コミュニケーションや情報普及のメカニズムは、業界誌などではよく生物界の現象になぞらえて説明される。ときには伝染病に例えられ、ついには熟語として定着してしまったものさえある。バイラル・マーケティング、コンピュータ・ウィルス、社会的感染、伝染性のあるアイディアなどの表現では、いずれも生物学用語を使って情報普及プロセスの基本的特徴が示されている。
だが比喩には自ずと限界がある。特に社会的・商業的な大流行、金融市場におけるバブルの発生と崩壊、大ヒット商品、政治・社会革命などのプロセスは、単に「感染」だけでは説明しきれない。これらの現象は「インフォメーション・カスケード」あるいは「社会的感染」と呼ばれるプロセスを経て広まっていくが、情報が伝わる様子は病気が感染するときとは相当に違う。
ビジネスの現場では、広告キャンペーンの効果、ブランド維持戦略のあり方、革新的な製品が市場に普及する過程やアイデアが社内に広まる様子、社会でチェンジリーダーやアーリーアダプターの役割といったものに関心が高いが、これらを深く理解するためには情報拡散のプロセスを詳しく調べるべきである。

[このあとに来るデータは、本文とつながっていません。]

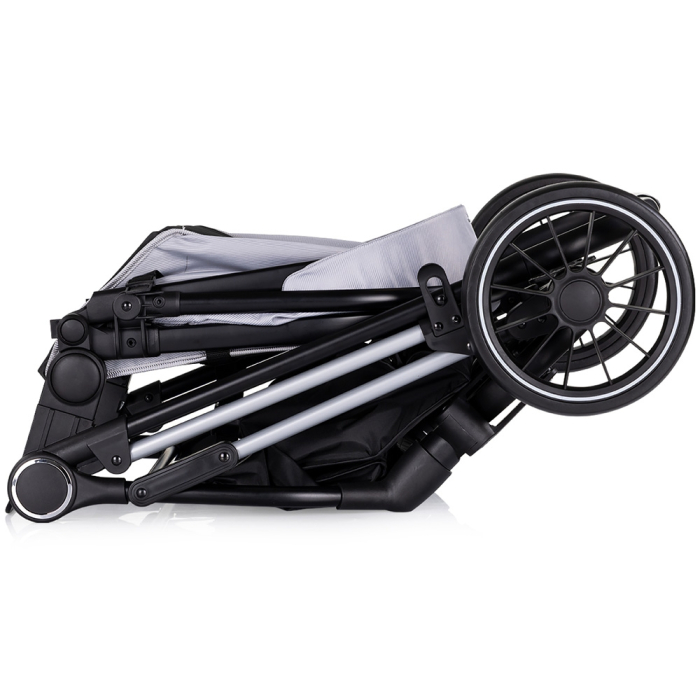 Carucior Chipolino Aura 3 in 1 cloud [10]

社会的ネットワークの力学を探る研究者は、製品が成功を収めるためには、品質や価格以上にその概念または言葉の普及における社会的ネットワークのプロセスが重要であるケースが数多く見られるとしている。残念ながら、現段階では未だこうした社会的ネットワークの力学の特性を解明、定量化を行い理解するには至っていない。